(Material provided Opens)

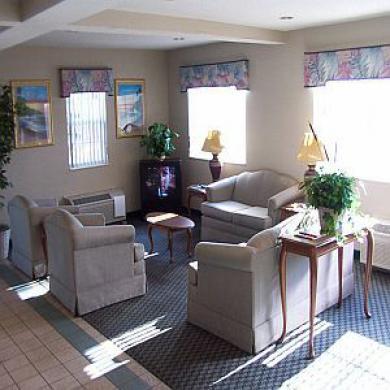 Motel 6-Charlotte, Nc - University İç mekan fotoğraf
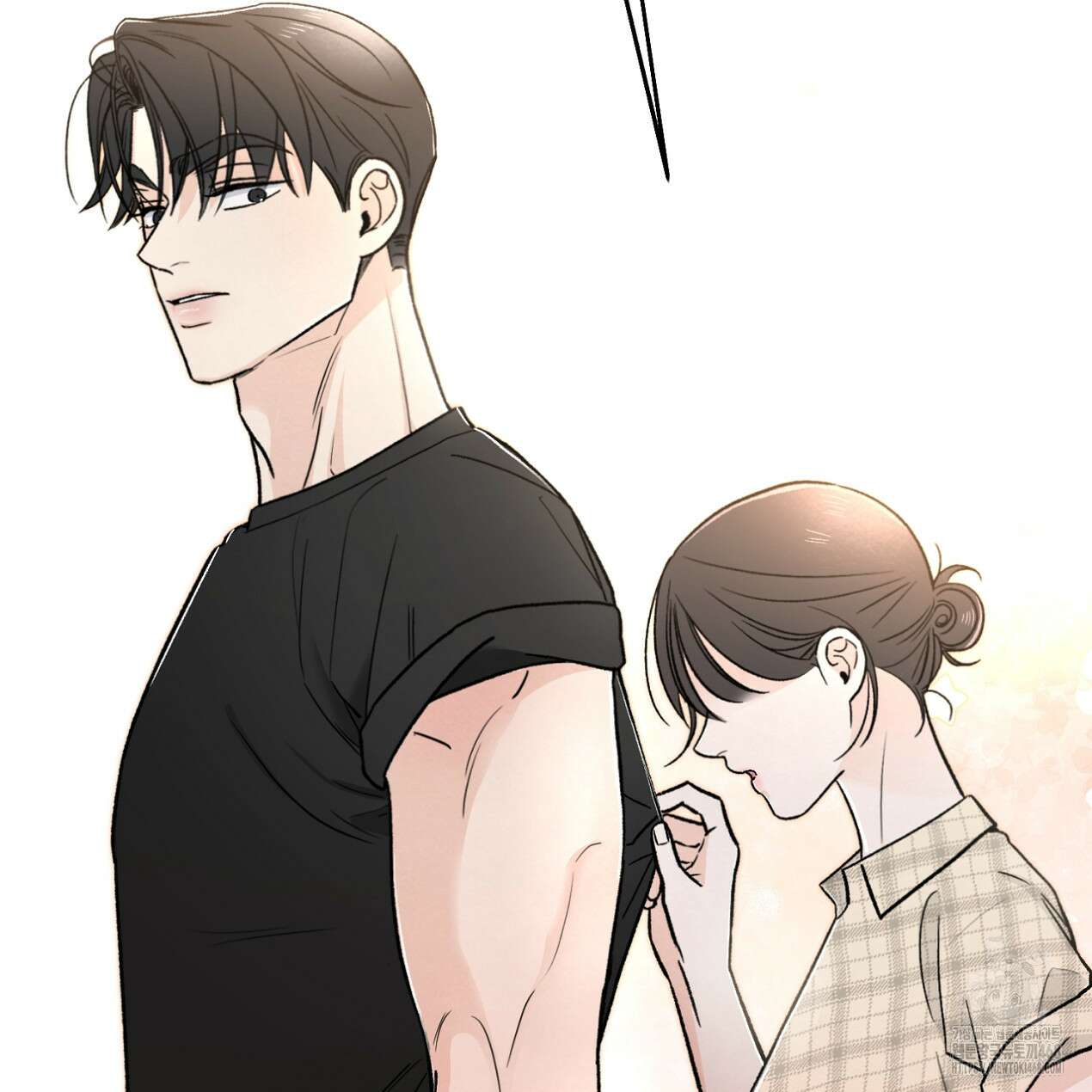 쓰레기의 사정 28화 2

(Material provided Closes)
(Material provided Opens)

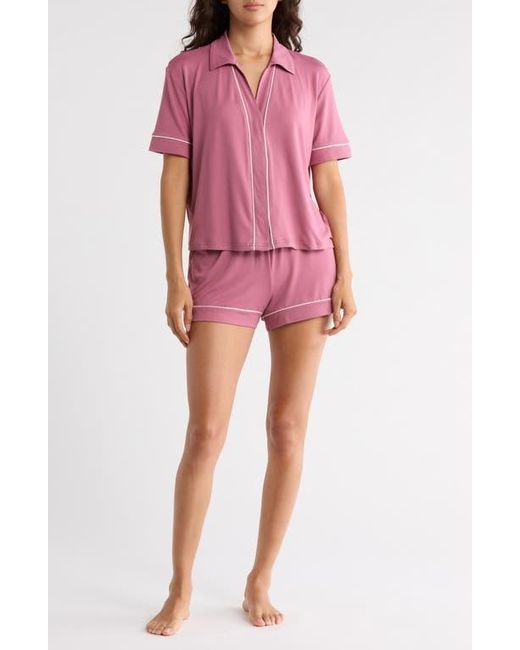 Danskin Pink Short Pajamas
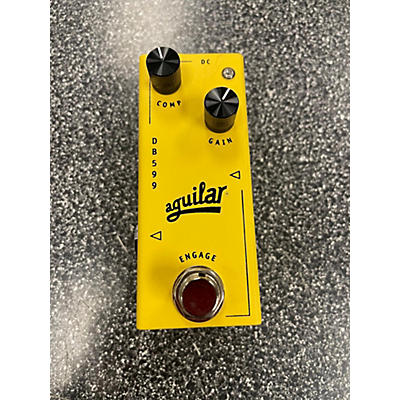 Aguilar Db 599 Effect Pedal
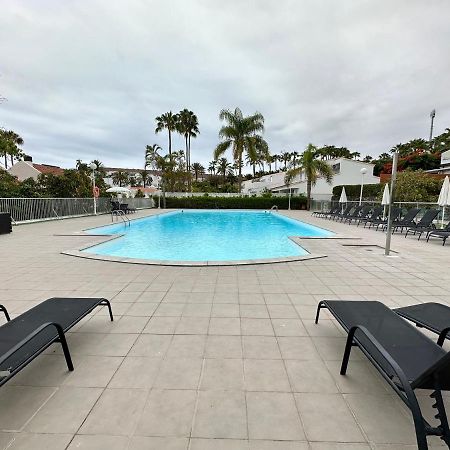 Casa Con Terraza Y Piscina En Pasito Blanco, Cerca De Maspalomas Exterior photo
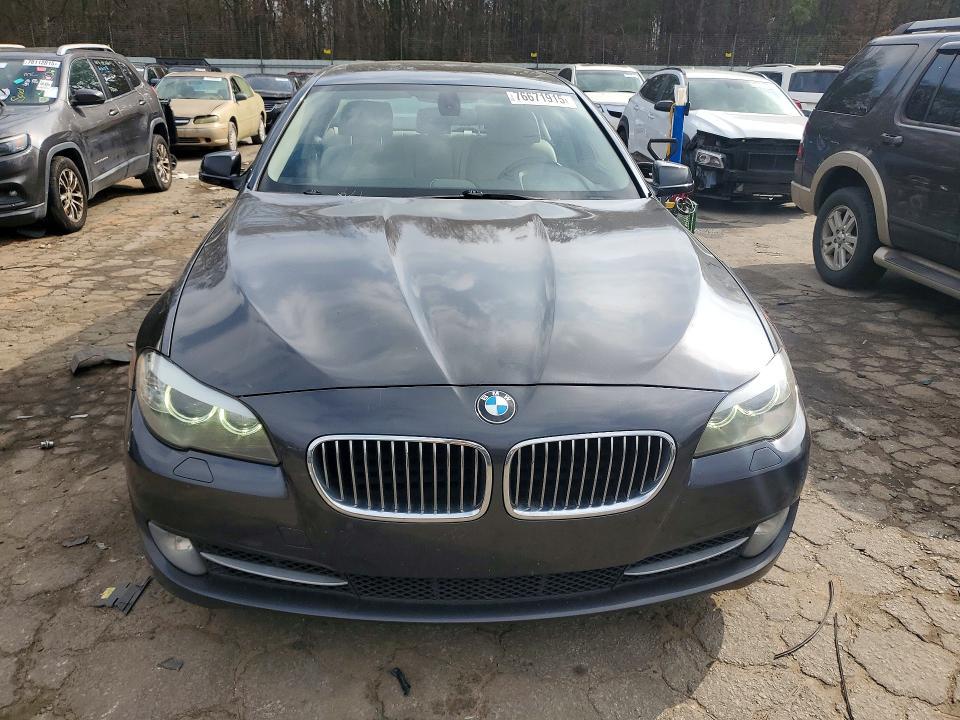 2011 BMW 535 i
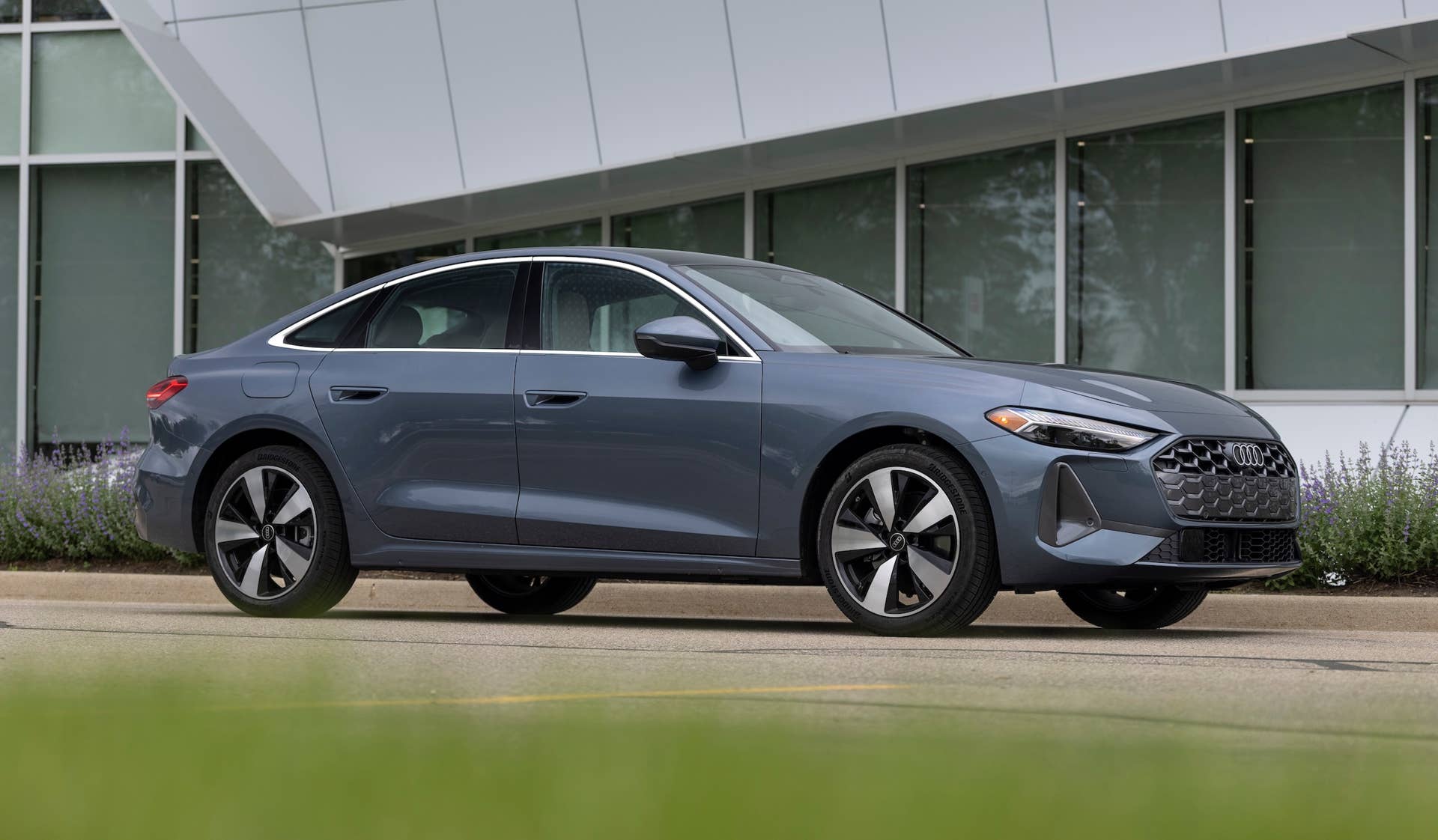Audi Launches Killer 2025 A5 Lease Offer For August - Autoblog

(Material provided Closes)
(Material provided Opens)

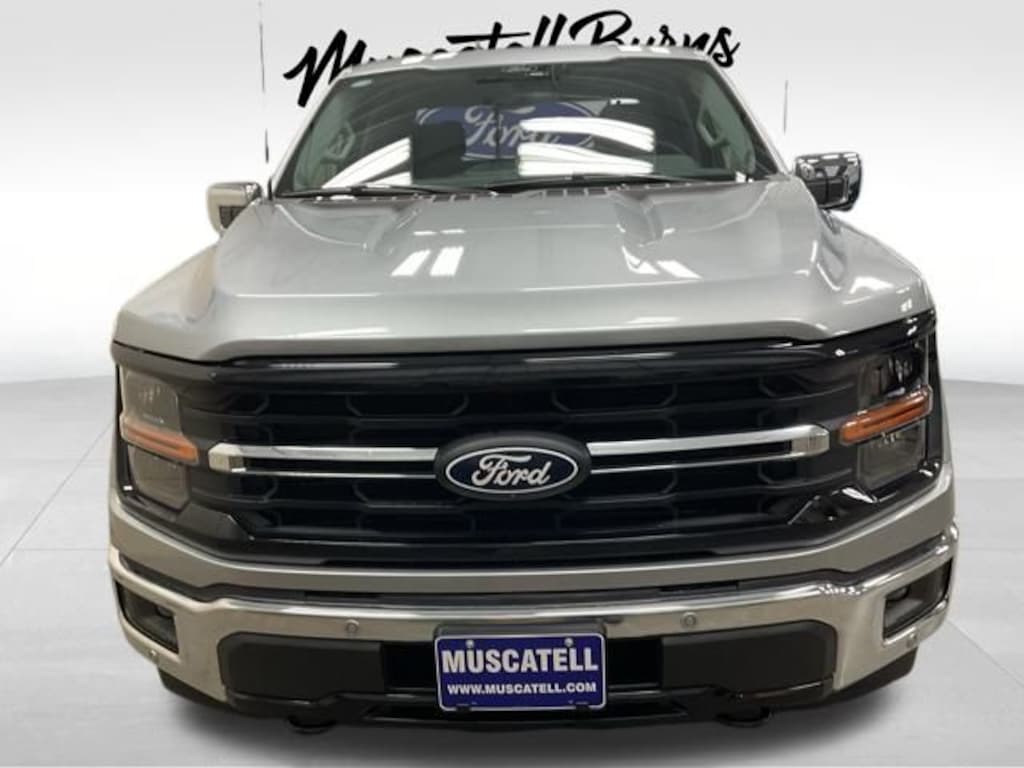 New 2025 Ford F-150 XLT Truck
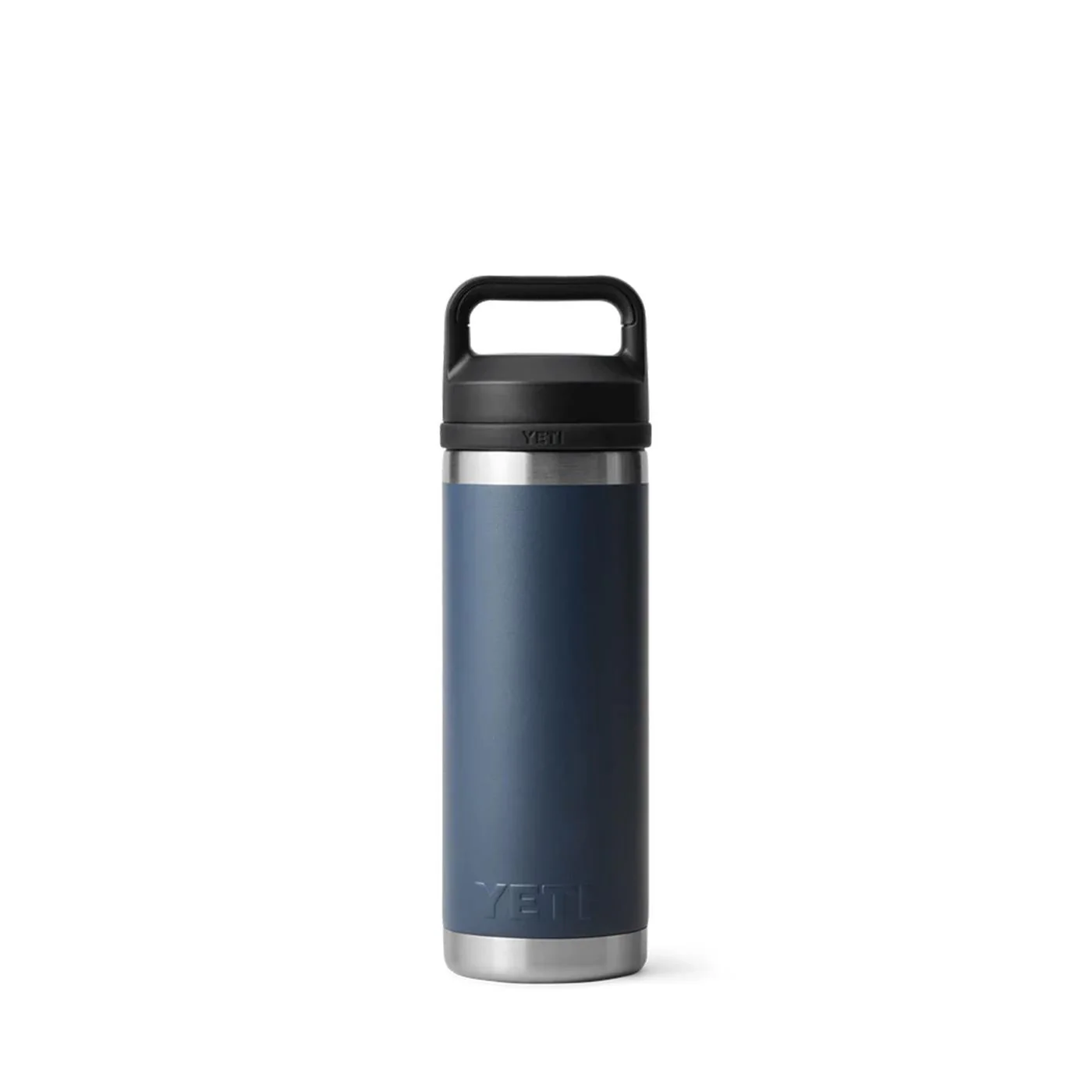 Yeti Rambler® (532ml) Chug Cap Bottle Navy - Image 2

(Material provided Closes)

§ Task item
Leaving out all pictures, set down exactly the lines of the material above, from the line with "Danskin Pink Short Pajamas" to the line with "Audi Launches Killer" inclusive, and no others.

§ Exercise answer
 Danskin Pink Short Pajamas
 Aguilar Db 599 Effect Pedal
 Casa Con Terraza Y Piscina En Pasito Blanco, Cerca De Maspalomas Exterior photo
 2011 BMW 535 i
Audi Launches Killer 2025 A5 Lease Offer For August - Autoblog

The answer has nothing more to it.